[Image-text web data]
_ _ _

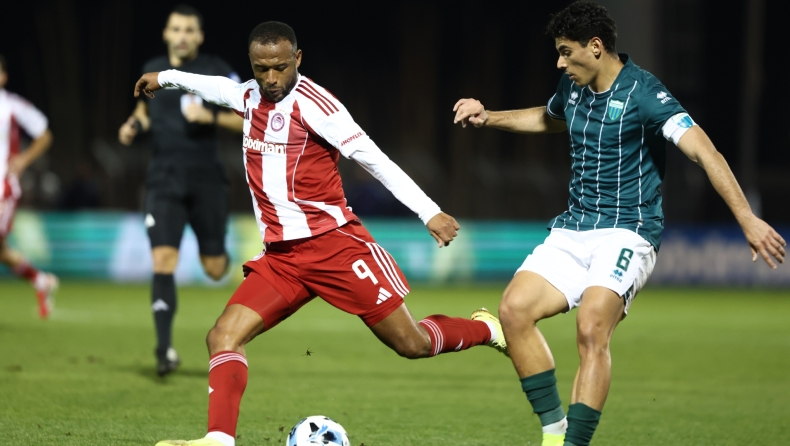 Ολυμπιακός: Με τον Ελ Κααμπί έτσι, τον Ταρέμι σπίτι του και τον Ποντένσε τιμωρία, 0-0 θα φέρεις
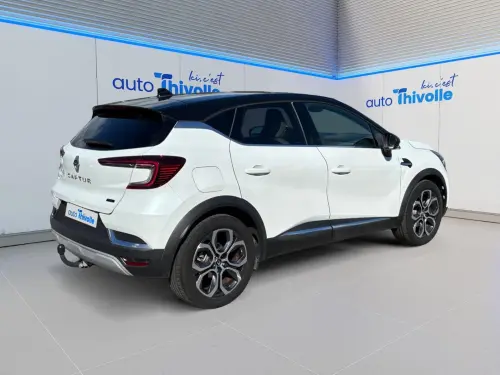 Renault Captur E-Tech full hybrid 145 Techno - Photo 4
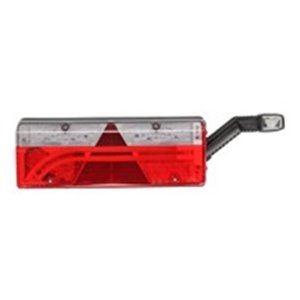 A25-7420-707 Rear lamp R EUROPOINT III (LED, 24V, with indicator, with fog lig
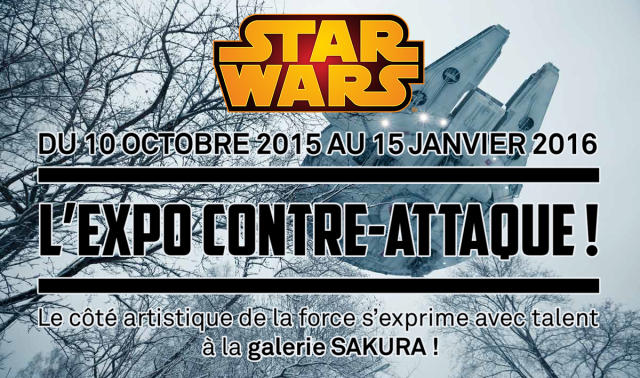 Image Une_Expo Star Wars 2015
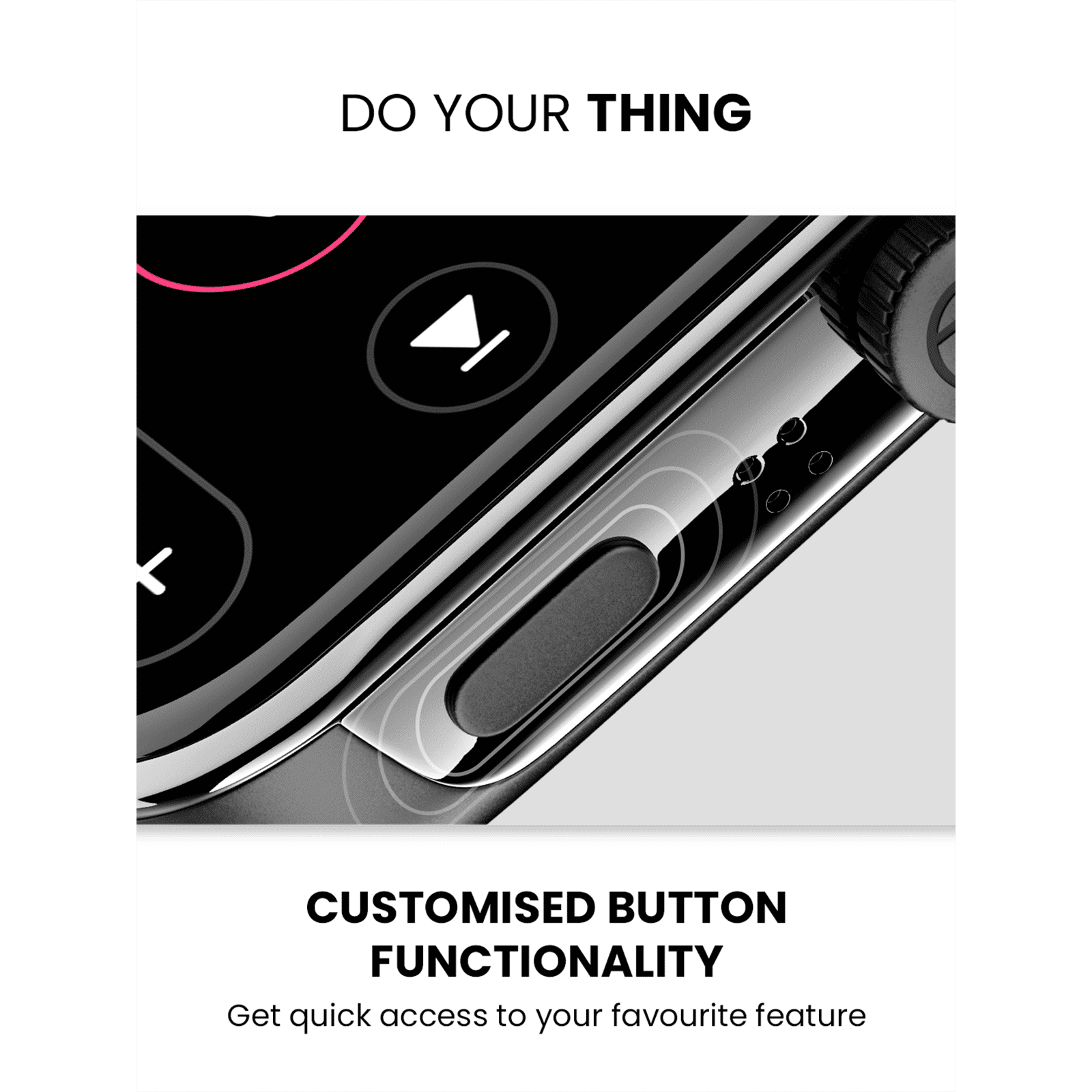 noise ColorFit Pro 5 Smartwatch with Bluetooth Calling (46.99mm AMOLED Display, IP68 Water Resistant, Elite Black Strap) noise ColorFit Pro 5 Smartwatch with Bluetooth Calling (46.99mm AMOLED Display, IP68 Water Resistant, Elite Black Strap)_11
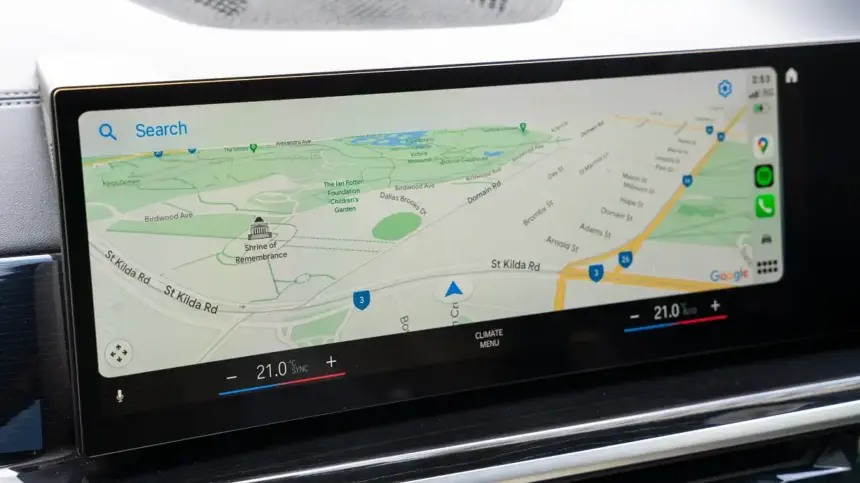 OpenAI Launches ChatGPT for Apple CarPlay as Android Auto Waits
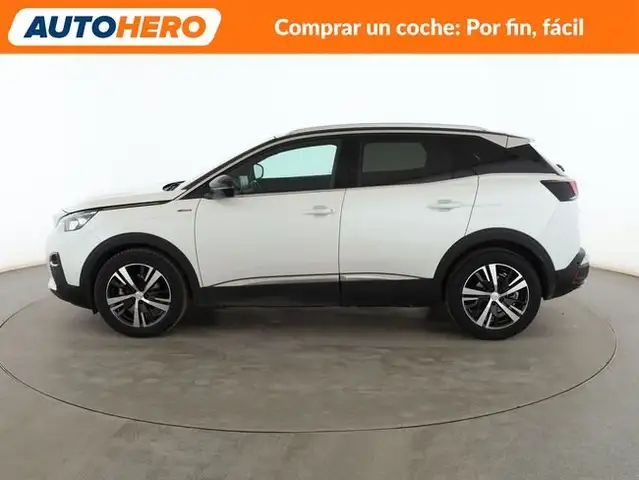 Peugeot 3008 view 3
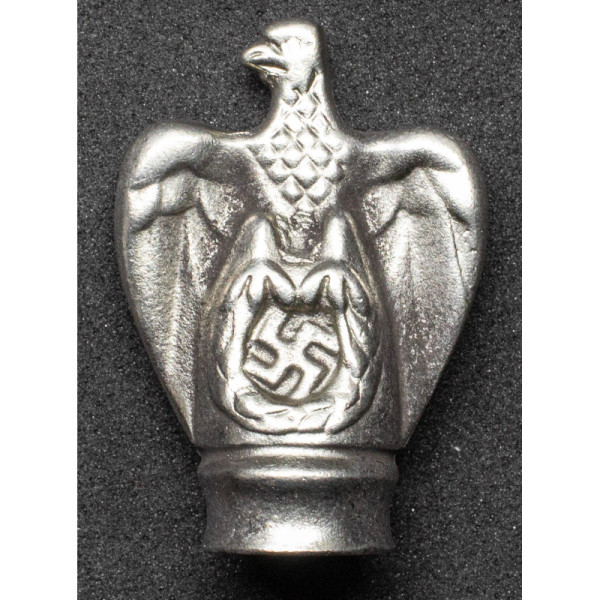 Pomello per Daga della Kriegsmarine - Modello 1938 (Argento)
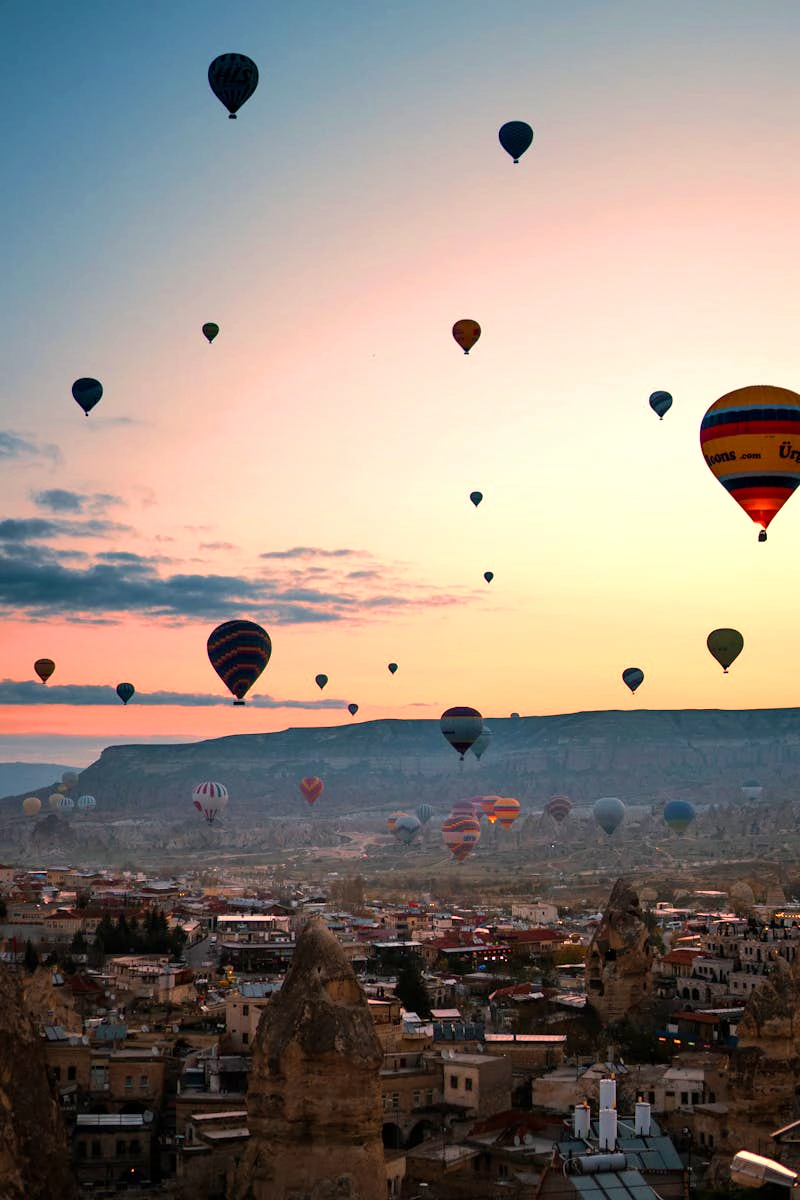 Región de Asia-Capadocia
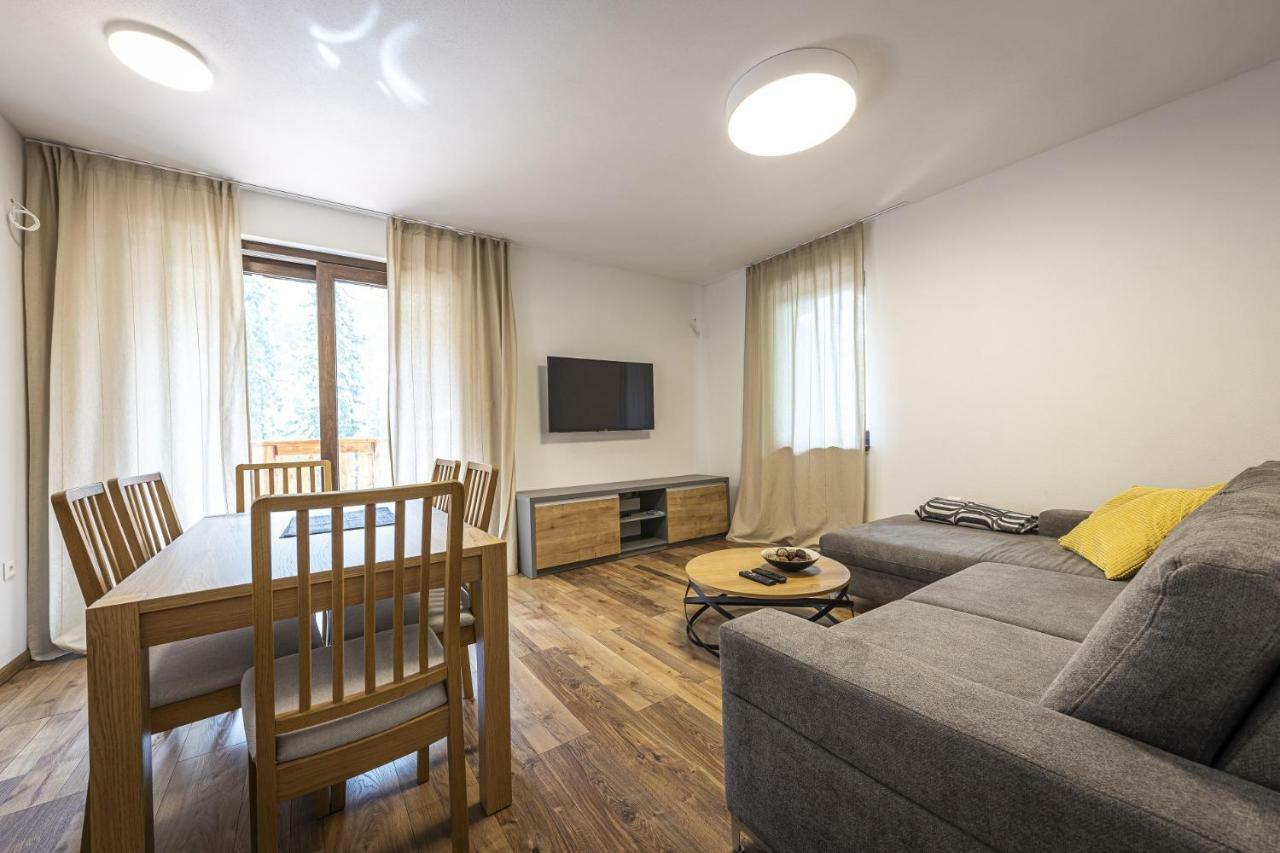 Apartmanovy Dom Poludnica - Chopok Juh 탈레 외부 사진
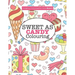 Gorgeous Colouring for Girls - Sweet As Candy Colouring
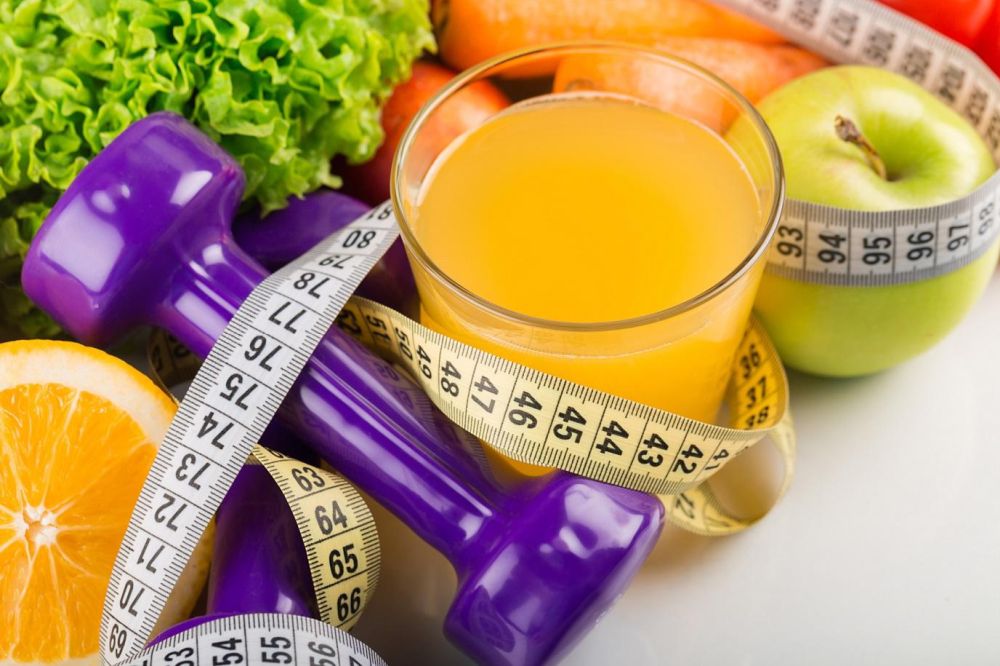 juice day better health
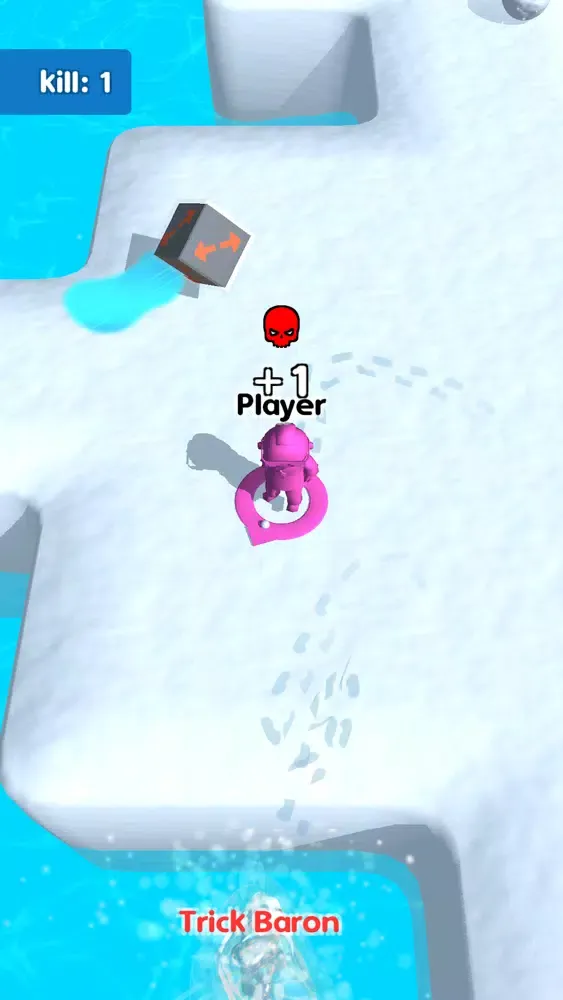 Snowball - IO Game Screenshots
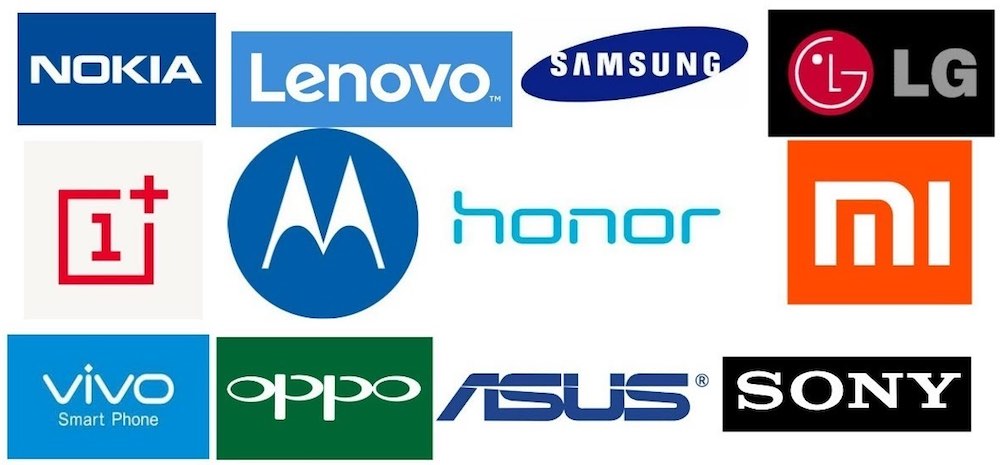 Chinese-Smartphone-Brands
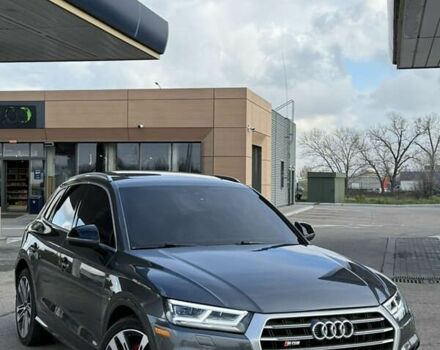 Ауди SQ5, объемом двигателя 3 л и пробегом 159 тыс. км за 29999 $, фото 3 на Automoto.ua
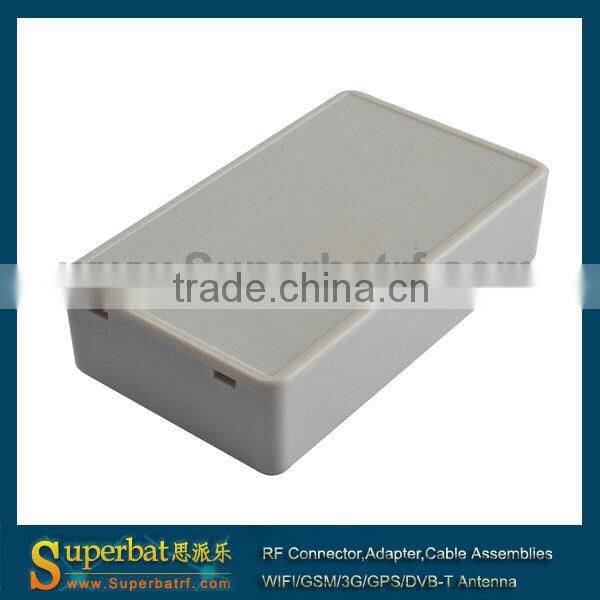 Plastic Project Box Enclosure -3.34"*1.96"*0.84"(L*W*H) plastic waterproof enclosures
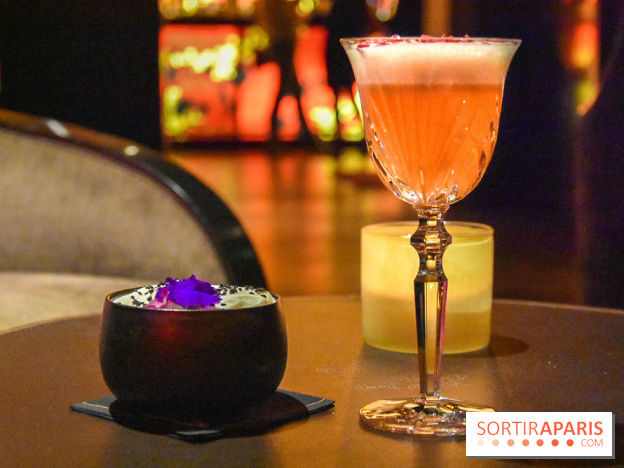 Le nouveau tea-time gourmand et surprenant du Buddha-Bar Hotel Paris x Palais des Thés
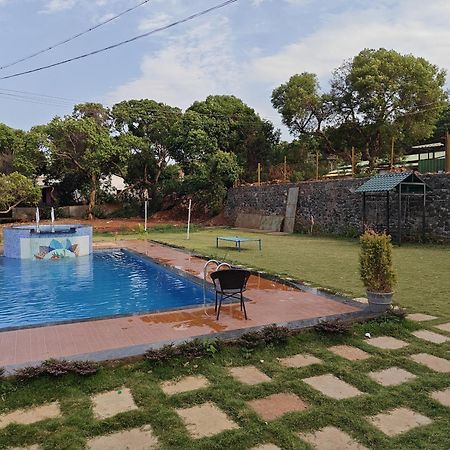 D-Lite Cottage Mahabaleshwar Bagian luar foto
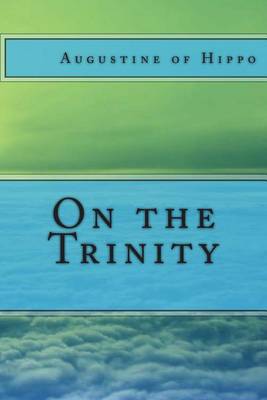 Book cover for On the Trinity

_ _ _

• Exercise requirements:
Return exactly the lines above, from the one with "OpenAI Launches ChatGPT" up to and including the one with "Chinese-Smartphone-Brands", and include no pictures.

• Answer below:
 OpenAI Launches ChatGPT for Apple CarPlay as Android Auto Waits
 Peugeot 3008 view 3
 Pomello per Daga della Kriegsmarine - Modello 1938 (Argento)
 Región de Asia-Capadocia
 Apartmanovy Dom Poludnica - Chopok Juh 탈레 외부 사진
 Gorgeous Colouring for Girls - Sweet As Candy Colouring
 juice day better health
 Snowball - IO Game Screenshots
 Chinese-Smartphone-Brands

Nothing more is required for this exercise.